Zen Master Thich Nhat Hanh’s simple advice for mindful living.


| Winter 2015



How to Relax

If we can’t rest, it’s because we haven’t stopped running. We began running a long time ago. We continue to run, even in our sleep. We think that happiness and well-being aren’t possible in the present.

Illustration by Jason DeAntonis

Mindful Relaxation: From How to Relax

• Mindfulness is the continuous practice of touching deeply every moment of daily life. To be mindful is to be truly present with your body and your mind, to harmonize your intentions and actions, and to be in harmony with those around you. We don’t need to make a separate time for this outside of our daily activities. We can practice mindfulness in every moment of the day—in the kitchen, the bathroom, or the garden, and as we go from one place to another. We can do the same things we always do—walking, sitting, working, eating, and so on—with mindful awareness of what we’re doing. Our mind is with our actions.

• If we can’t rest, it’s because we haven’t stopped running. We began running a long time ago. We continue to run, even in our sleep. We think that happiness and well-being aren’t possible in the present. If you can stop and establish yourself in the here and the now, you will see that there are many elements of happiness available in this moment, more than enough for you to be happy. Even if there are a few things in the present that you dislike, there are still plenty of positive conditions for your happiness. When you walk in the garden, you may see that a tree is dying and so you feel sad and aren’t able to enjoy the rest of the garden that is still beautiful. If you look again, you can see that the garden is still beautiful and you can enjoy it.

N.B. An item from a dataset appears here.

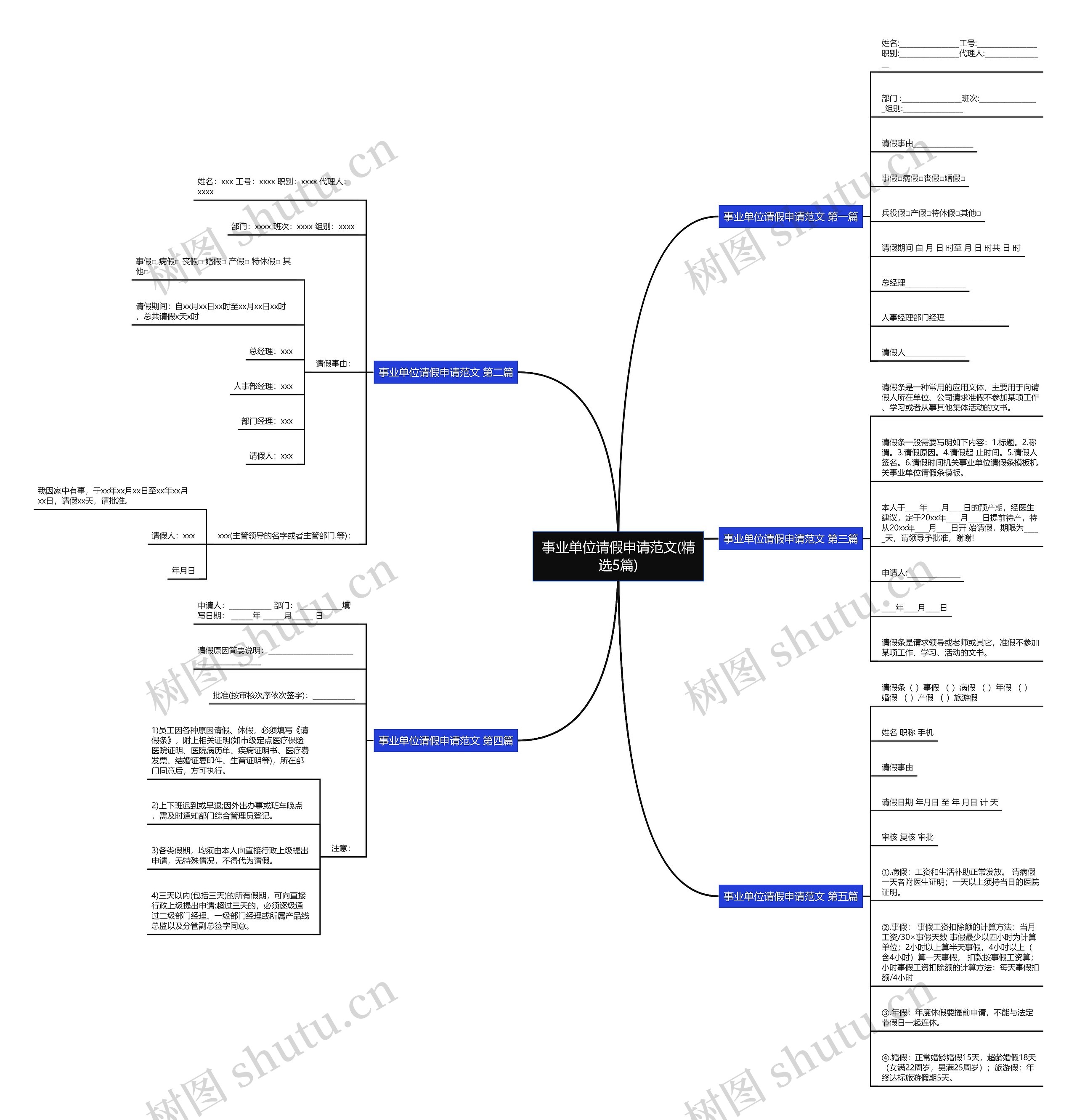 事业单位请假申请范文(精选5篇)思维导图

• The world needs joyous and loving people who are capable of just being. If you know the art of being at peace, then you have the basis for your every action. The ground for action is to be, and the quality of being determines the quality of doing. Action must be based on non-action. People sometimes say, “Don’t just sit there, do something.” But we have to reverse that statement to say, “Don’t just do something, sit there,” in order to be in such a way that peace, understanding, and compassion are possible.

Mindful Sitting: From How to Sit

• Every time you sit, whether it’s at work, at the foot of a tree, or on your meditation cushion at home, enjoy your sitting. Then you won’t consider sitting to be a hard practice. It’s very pleasant. Set aside a room or a corner or a cushion that you use just for sitting. When you arrive there, you will immediately begin to feel some of the joy and relaxation that comes from sitting. Whether sitting alone or with a few friends, you can produce your full presence, your true presence.

• Sometimes people say they don’t know what to do when they are sitting. “You only need to sit” is an exhortation of the Soto Zen meditation school. It means that you should sit without waiting for a miracle, and that includes the miracle of enlightenment. If you always sit in expectation, you’re not in the present moment. The present moment contains the whole of life.

• When you sit, you may feel something pushing you to get up and do something else. That’s the energy inside each of us called habit energy. Habit energy is energy that is fueled by an old pattern, situation, or habit. It isn’t based on our real needs and our real situation in the present.